### TASK BRIEF
Your task is to repeat the lines below exactly, excluding any pictures they contain.

INFORMATION SUPPLIED START

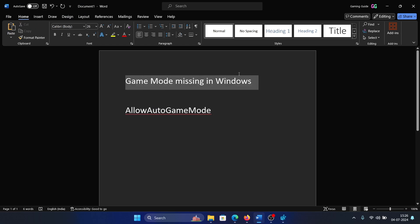Hey friends, if game mode is missing in Windows, please watch this video. I will guide you through the resolution. First of all, you need to update Windows because this option was not available earlier.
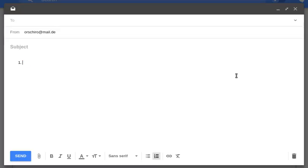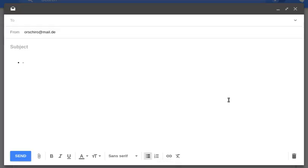The same could be applied to a list point. So let's say I write a dash, space, and this could automatically be converted into a bullet list.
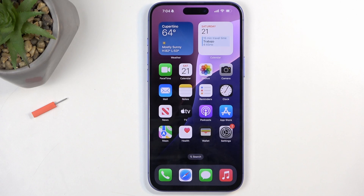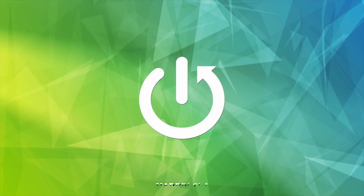Welcome, I have an iPhone 16 Plus and today I will show you how you can enable and set up your Do Not Disturb mode.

INFORMATION SUPPLIED END

### PROBLEM SOLUTION
Hey friends, if game mode is missing in Windows, please watch this video. I will guide you through the resolution. First of all, you need to update Windows because this option was not available earlier.
The same could be applied to a list point. So let's say I write a dash, space, and this could automatically be converted into a bullet list.
Welcome, I have an iPhone 16 Plus and today I will show you how you can enable and set up your Do Not Disturb mode.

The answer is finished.